*** ENTRIES SHOWN ***

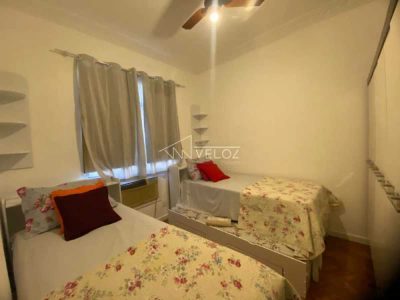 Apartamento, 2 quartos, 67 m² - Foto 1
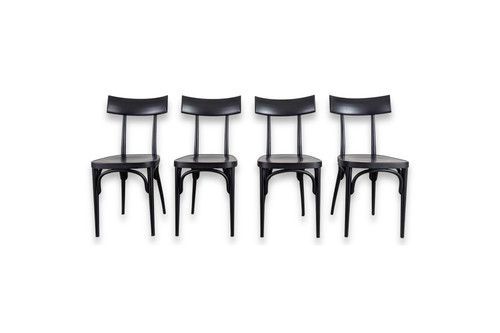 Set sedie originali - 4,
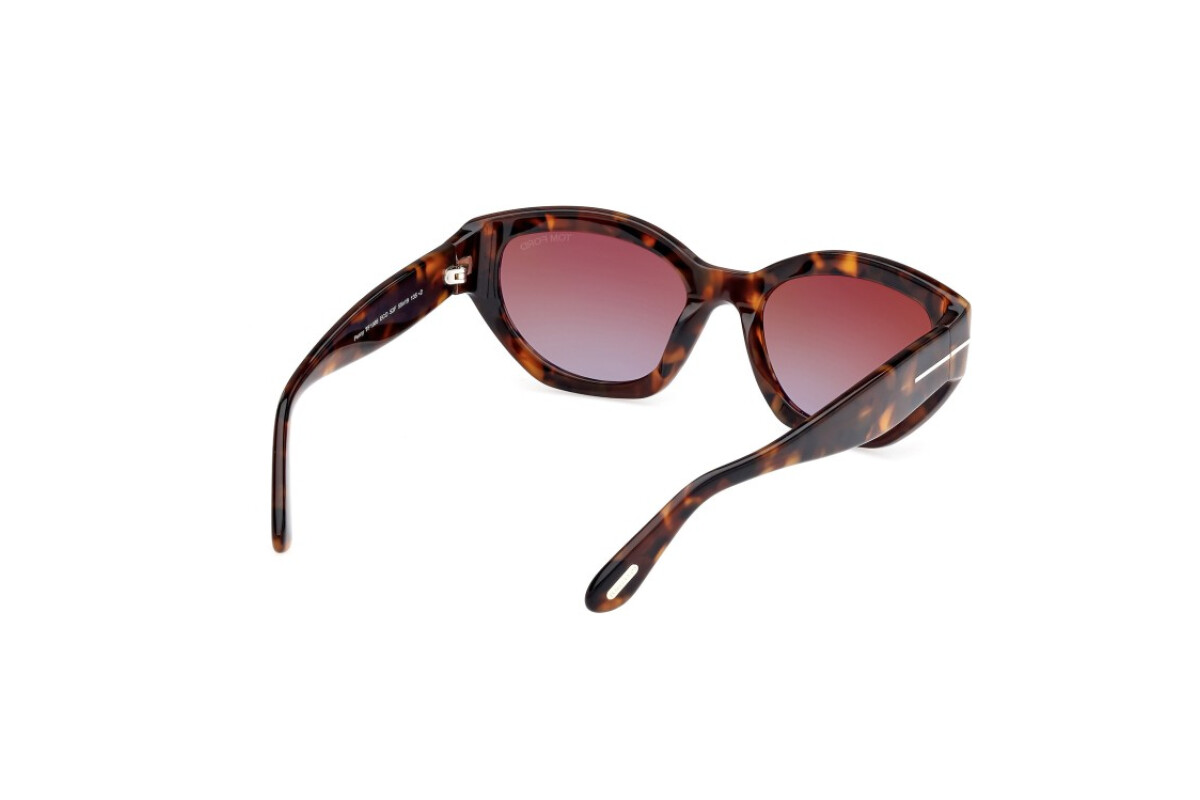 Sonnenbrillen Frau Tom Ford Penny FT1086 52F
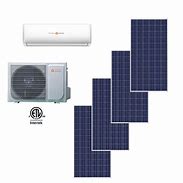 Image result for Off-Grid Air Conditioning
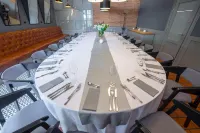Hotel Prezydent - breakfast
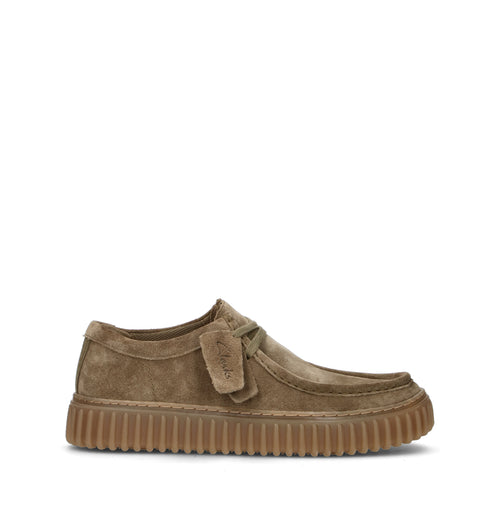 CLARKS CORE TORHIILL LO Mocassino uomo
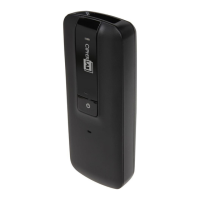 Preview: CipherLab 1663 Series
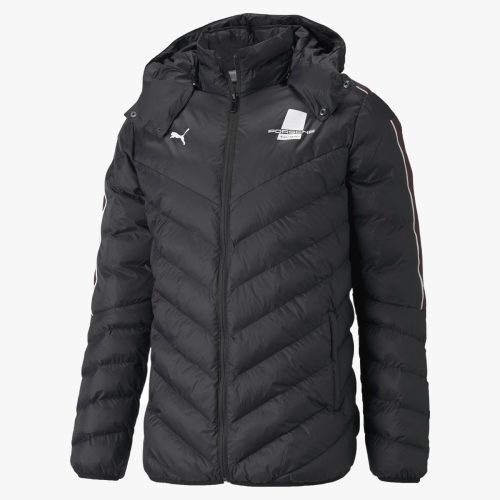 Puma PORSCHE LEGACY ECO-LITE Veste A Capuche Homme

*** End of ENTRIES SHOWN ***

[WHAT TO WORK ON] Return the whole listing exactly, minus its pictures.

[OUTPUT BELOW]
 Apartamento, 2 quartos, 67 m² - Foto 1
 Set sedie originali - 4,
 Sonnenbrillen Frau Tom Ford Penny FT1086 52F
 Image result for Off-Grid Air Conditioning
Hotel Prezydent - breakfast
 CLARKS CORE TORHIILL LO Mocassino uomo
 Preview: CipherLab 1663 Series
 Puma PORSCHE LEGACY ECO-LITE Veste A Capuche Homme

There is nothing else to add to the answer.